◆ What is required
In the entries below, find the line with "退市后重新上市条件,退市后怎么样才能够重新上市" and the line with "wps如何分隔开纵向纸张与横向纸张的页眉设置 wps如何设置横向纸张的页眉". Return those two lines and all lines between them, exactly.

◆ Data to examine

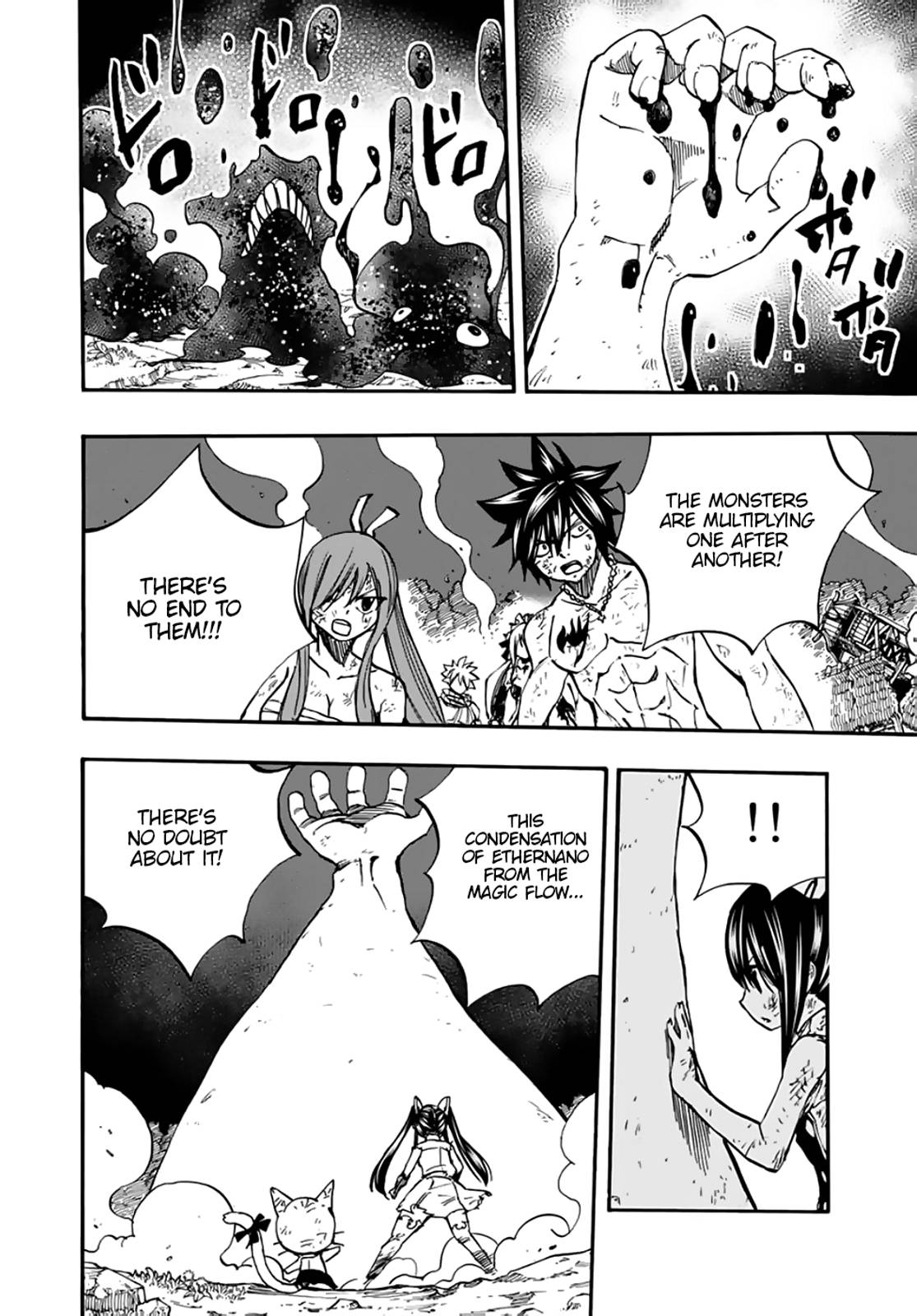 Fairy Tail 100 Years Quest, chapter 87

* * *

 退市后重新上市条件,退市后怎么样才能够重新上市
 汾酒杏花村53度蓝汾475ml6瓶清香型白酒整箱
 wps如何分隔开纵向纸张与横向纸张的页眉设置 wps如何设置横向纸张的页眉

◆ Solved problem
 退市后重新上市条件,退市后怎么样才能够重新上市
 汾酒杏花村53度蓝汾475ml6瓶清香型白酒整箱
 wps如何分隔开纵向纸张与横向纸张的页眉设置 wps如何设置横向纸张的页眉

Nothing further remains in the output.